I have always enjoyed David Brooks’ political commentary on the Friday PBS nightly news . . . even though I’m politically liberal. He represents the “right” (but not necessarily the “Tea Party”) very admirally with his cogent comments. In a recent NYTimes opinion piece (21 Apr 2011), he makes the following comments about “The Book of Mormon” musical (which he liked):
The warm theme infuses the play with humanity and compassion. It also plays very well to an educated American audience. Many Americans have always admired the style of belief that is spiritual but not doctrinal, pluralistic and not exclusive, which offers tools for serving the greater good but is not marred by intolerant theological judgments.
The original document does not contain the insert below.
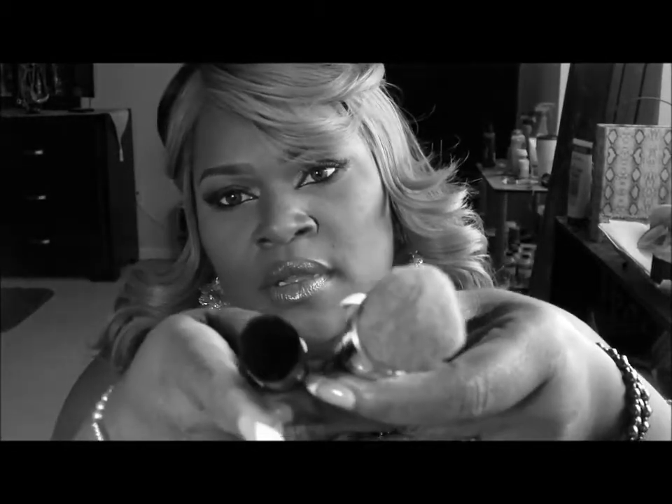The slanted Kabuki brush is amazing. What this is great for is applying and buffing concealer under the eye — perfect for that. I also use this for contouring, and you talking about a mean contour — yes ma'am. Love it.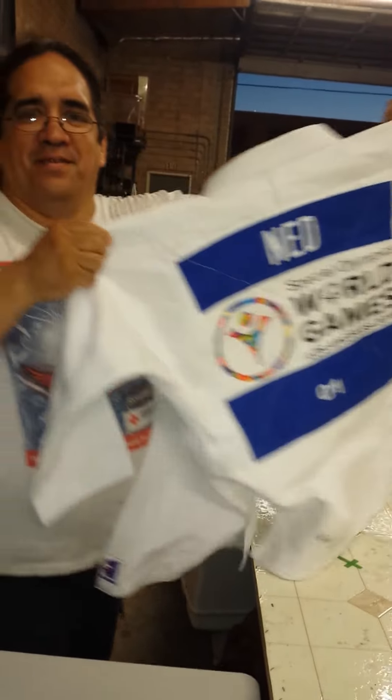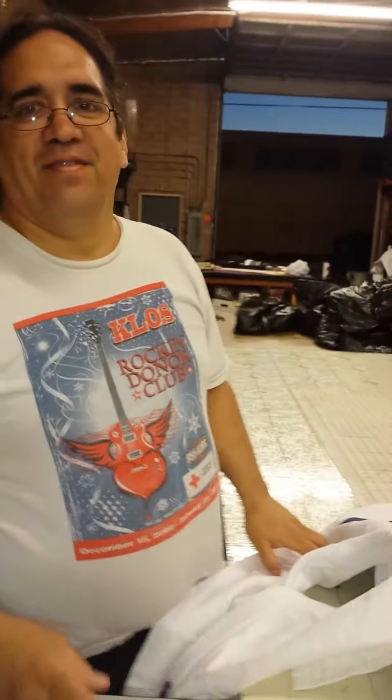There you go. Good luck, Netherlands. Hit the stop. Here we go.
The only problem with “The Book of Mormon” (you realize when thinking about it later) is that its theme is not quite true. Vague, uplifting, nondoctrinal religiousity doesn’t last. The religions that grow, succor and motivate people to perform heroic acts of service are usually theologically rigorous, arduous in practice and definite in their convictions about what is True and False.
That’s because people are not gods. No matter how special some individuals may think they are, they don’t have the ability to understand the world on their own, establish rules of good conduct on their own, impose the highest standards of conduct on their own, or avoid the temptations of laziness on their own.
The religions that thrive have exactly what “The Book of Mormon” ridicules: communal theologies, doctrines and codes of conduct rooted in claims of absolute truth.
Brooks is correct here. The churches that succeed are those with rigid belief structures. That is why Mormonism and other conservative religions put believers in the seats and more liberal religions (like the Reorganized LDS Church, Unitarianism, etc.) struggle. But this places a great responsibility on the leadership of the more structured religions to do the right thing . . . which in my opinion involves the creation of a more just world.